Image-caption web data.
>>

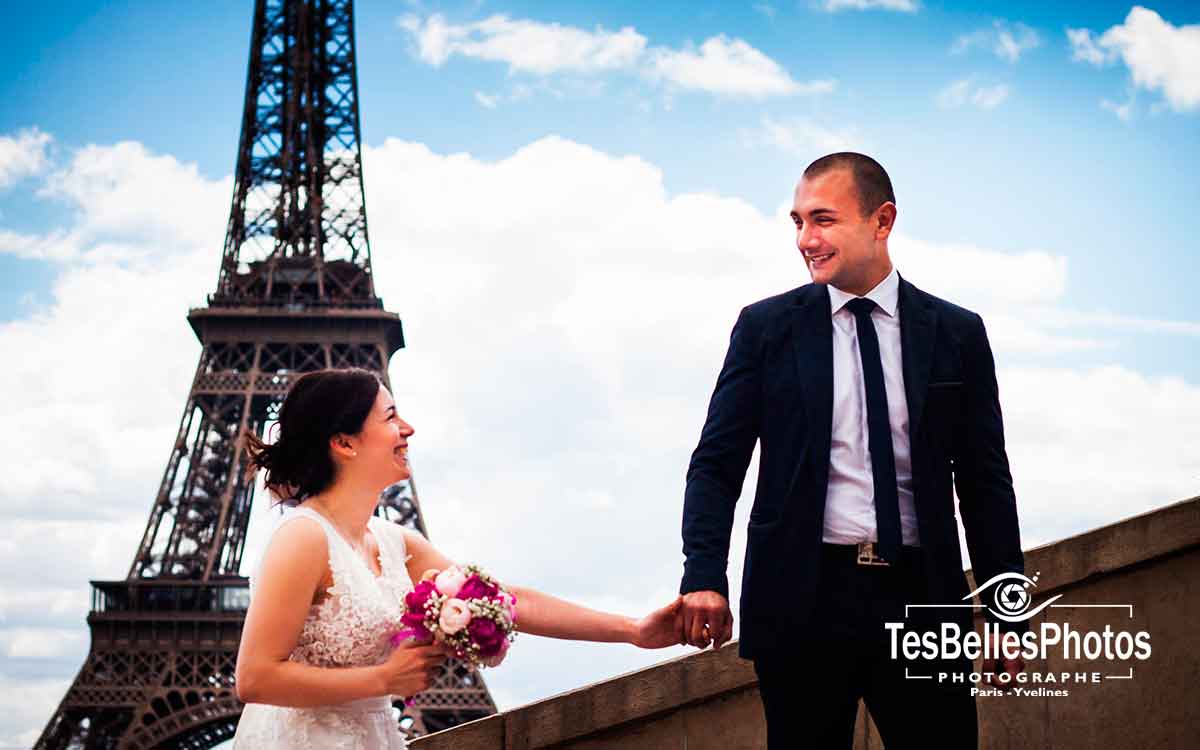 Photo de mariage Paris Trocadéro, séance photo de couple de mariage à Paris Trocadéro et Tour Eiffel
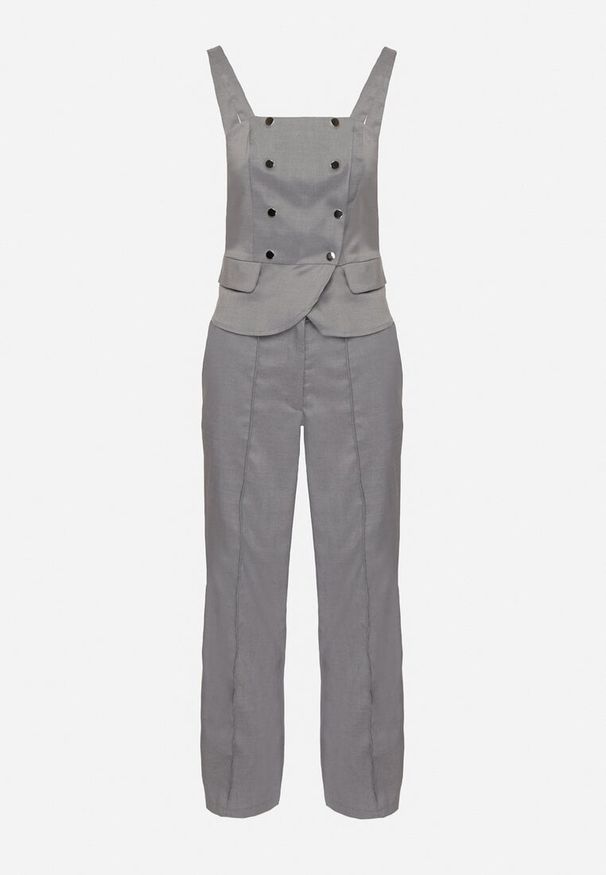 Born2be - Szary Komplet Garniturowy Dwurzędowy Top i Spodnie Normoi. Kolor: szary. Materiał: jedwab. Wzór: aplikacja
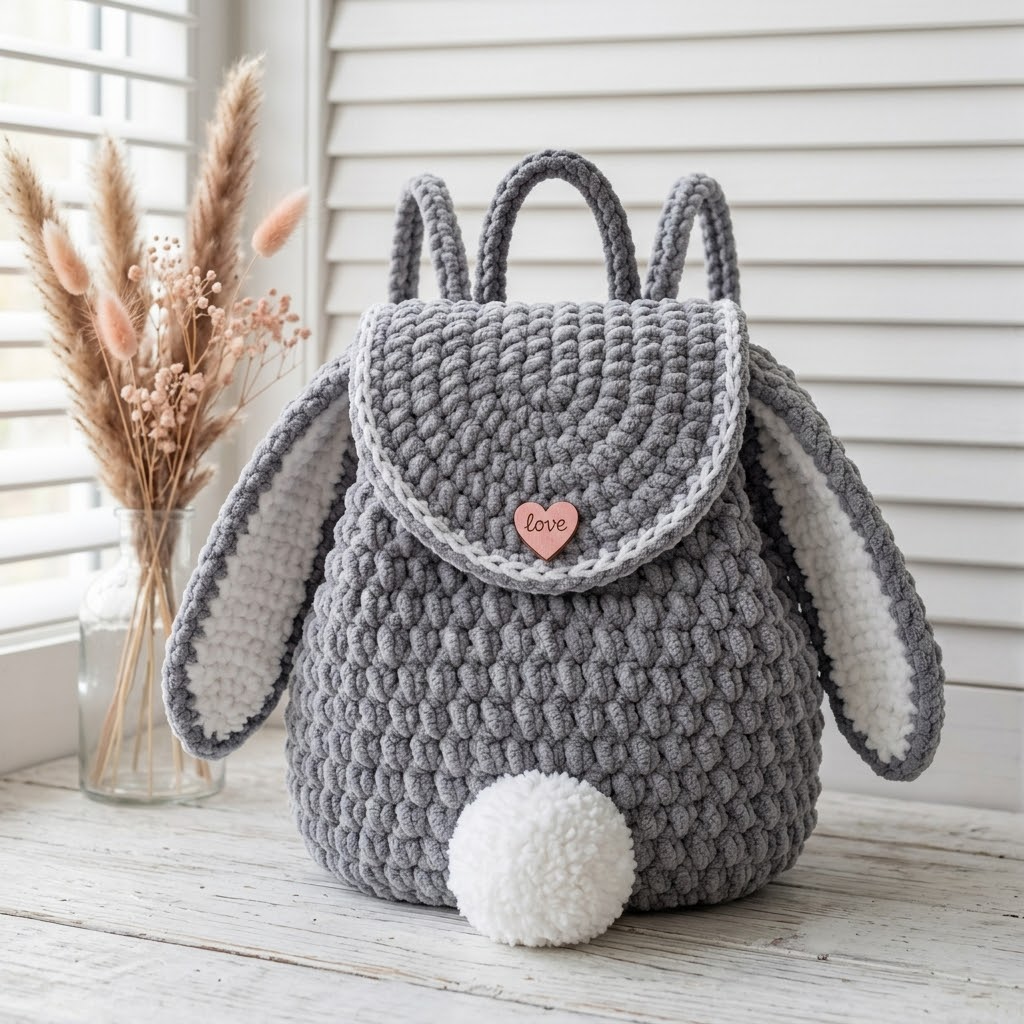 Gray Bunny Ears Backpack Free Crochet Pattern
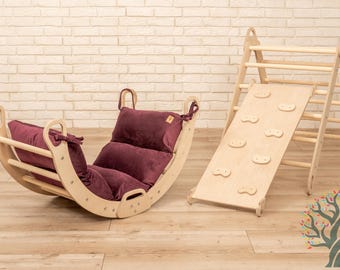Foldable Climbing Triangle Set: Arch and Ramp, Montessori Furniture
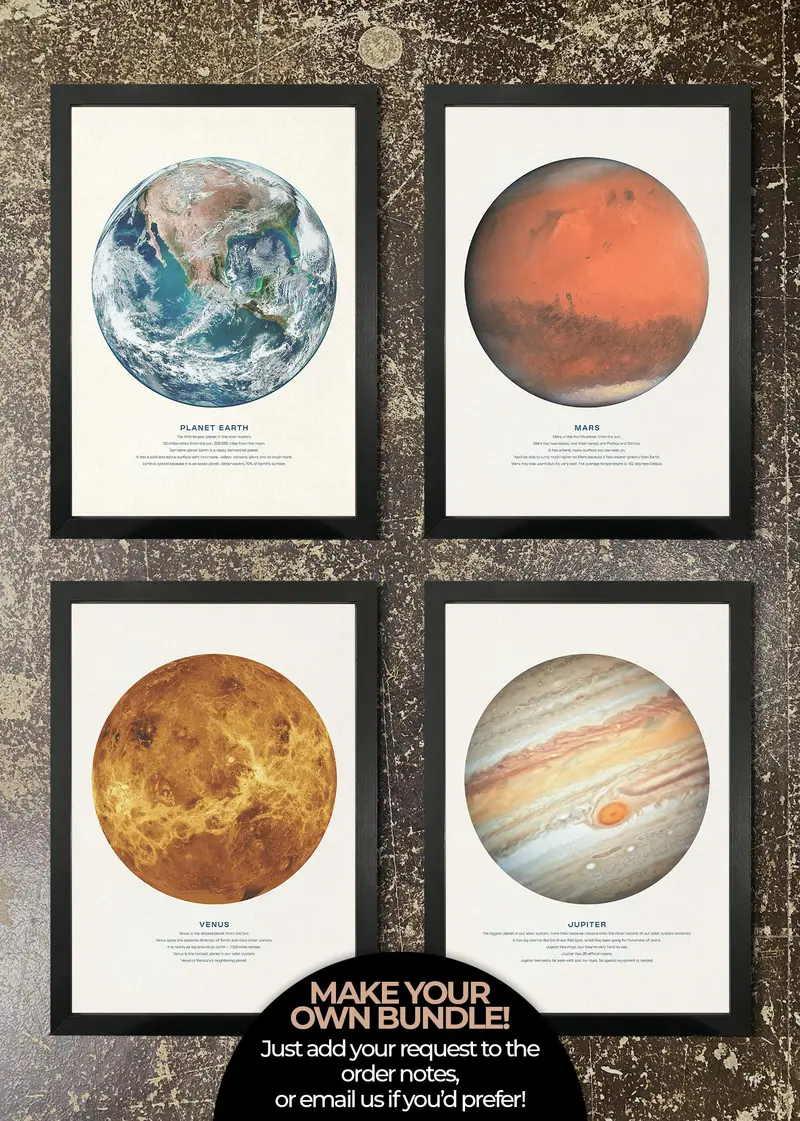 Four-Print Space And Planet Illustration Set With Frames 1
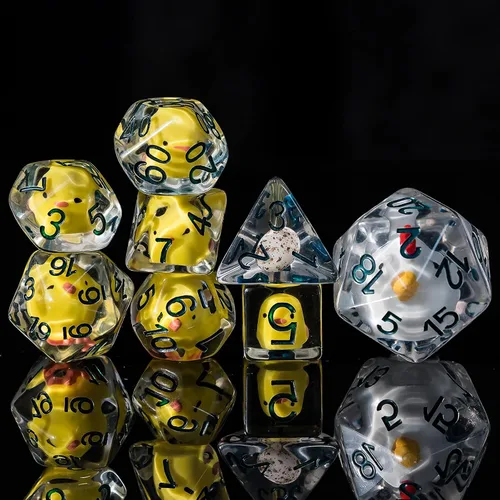 Cusdie 8 dados DND, juego de dados poliédricos rellenos de animales, juego de dados de animales para juegos de rol, dados D&D (8 piezas de pollo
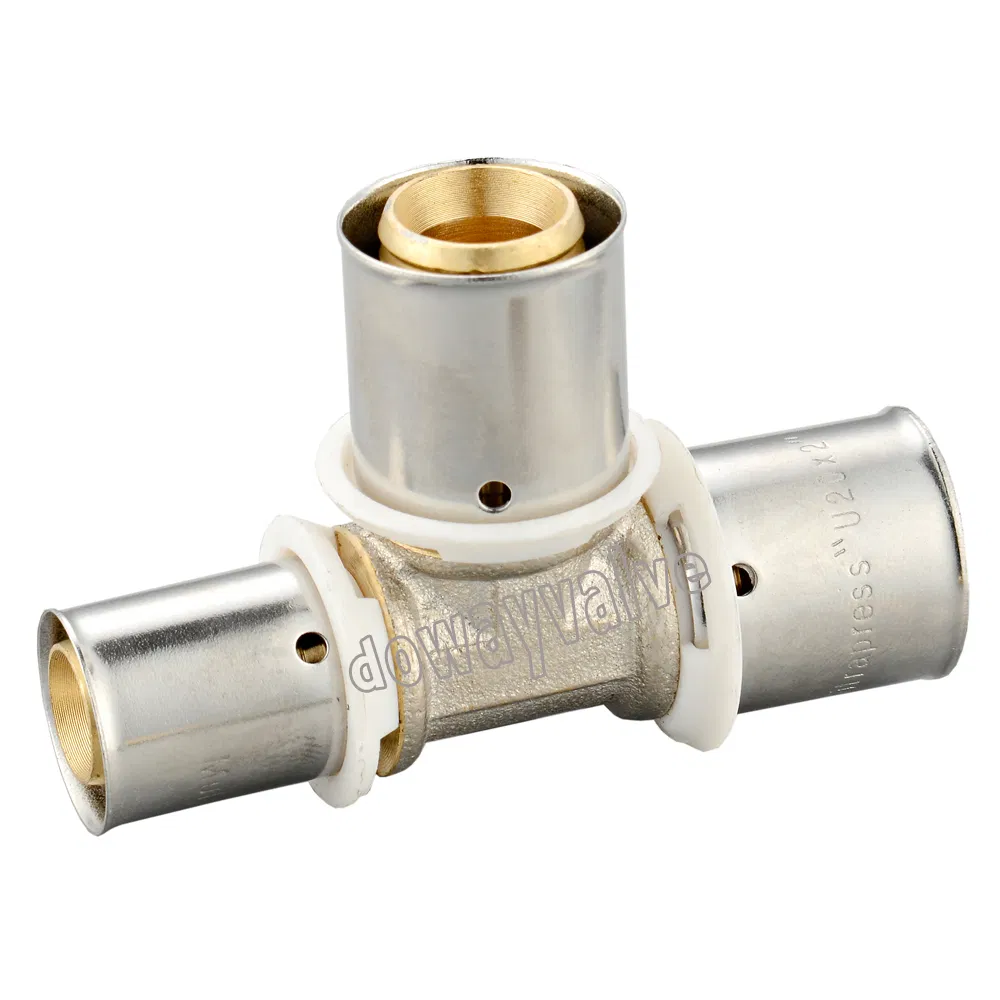 Brass Press Tee for Multilayer Pipes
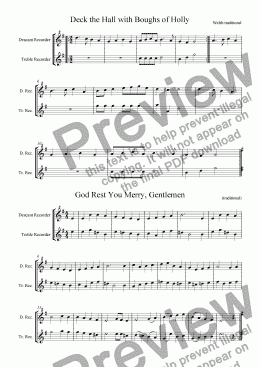 page one of 11 Famous Carols for two Instruments,  Descant and Treble Version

<<

What the task asks. Reproduce each entry precisely. Leave the pictures out.

Result below.
 Photo de mariage Paris Trocadéro, séance photo de couple de mariage à Paris Trocadéro et Tour Eiffel
 Born2be - Szary Komplet Garniturowy Dwurzędowy Top i Spodnie Normoi. Kolor: szary. Materiał: jedwab. Wzór: aplikacja
 Gray Bunny Ears Backpack Free Crochet Pattern
Foldable Climbing Triangle Set: Arch and Ramp, Montessori Furniture
 Four-Print Space And Planet Illustration Set With Frames 1
 Cusdie 8 dados DND, juego de dados poliédricos rellenos de animales, juego de dados de animales para juegos de rol, dados D&D (8 piezas de pollo
 Brass Press Tee for Multilayer Pipes
 page one of 11 Famous Carols for two Instruments,  Descant and Treble Version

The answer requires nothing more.